Data extract -
----

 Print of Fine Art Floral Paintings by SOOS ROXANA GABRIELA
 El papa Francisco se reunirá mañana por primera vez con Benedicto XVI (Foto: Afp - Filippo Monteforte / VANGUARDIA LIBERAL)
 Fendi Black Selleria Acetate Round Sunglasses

----

Work instructions - From the first line to the last, retype the material exactly.

Output of the task -
 Print of Fine Art Floral Paintings by SOOS ROXANA GABRIELA
 El papa Francisco se reunirá mañana por primera vez con Benedicto XVI (Foto: Afp - Filippo Monteforte / VANGUARDIA LIBERAL)
 Fendi Black Selleria Acetate Round Sunglasses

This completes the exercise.